Peki şuna dikkat çekmek istiyorum, sormak istiyorum oradan hareketle: Bu KHKdan dolayı mağdur edilenlerin büyük bir çoğunluğu eğitimli kişiler. 

Levent Mazılıgüney: Evet, %99,2’si üniversite mezunu. 

Yüksek okul ve daha yüksek eğitimli kişiler. Devlet memuru olabilmek için de zâten büyük ölçüde böyle şey gerektiği için… Yani sonuçta eğitimli insanlar. Yani böyle hakkını hukukunu bilen, belli bir gücü olan insanlar.
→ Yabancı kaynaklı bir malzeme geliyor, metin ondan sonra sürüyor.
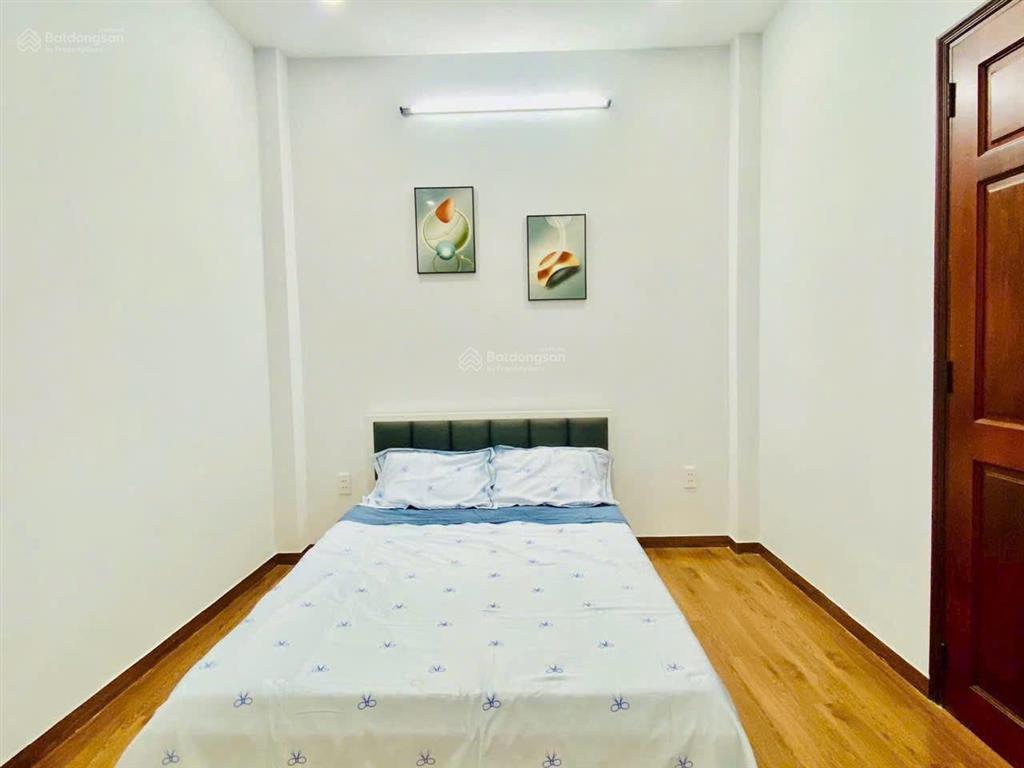 Diện tích to 3 tầng lầu bề thế hẻm xe tải 4 phòng ngủ đường phạm văn chiêu ngay nhà thờ thạch đà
Yani ekonomik gücü olmasa bile… Ama uzun bir süre bu konuda hiçbir şey yapılmadı. Yani hiçbir şey yapılmadı demeyeyim, şunu söyleyeyim: Toplumsal alanda baktığımız zaman, OHAL kalktıktan sonra bile –ki OHAL döneminde de olabilir pekâlâ– bu kişiler örgütlenmediler. Yani örgütlenmeyi şu anlamda söylüyorum: Mağdûriyetlerinden hareketle bir hak mücâdelesi vermediler. Bu yine devlet refleksinden mi, yoksa korkudan mı? Çünkü çok büyük bir rakam var. Ben şimdi 12 Eylül zamânını hatırlıyorum, o 12 Eylül zamânında bile bayağı bir hak savunuculuğu, şu bu vardı. Her şeye rağmen olabiliyordu. Şimdi burada da uzun bir süre yok. Böyle bir tecrübeye sâhip olmadıklarından mı, ürktüklerinden mi, devlete halel gelmesin düşüncesinden mi? Yani bir kere, öncelikle gözlemimi paylaşıyor musun?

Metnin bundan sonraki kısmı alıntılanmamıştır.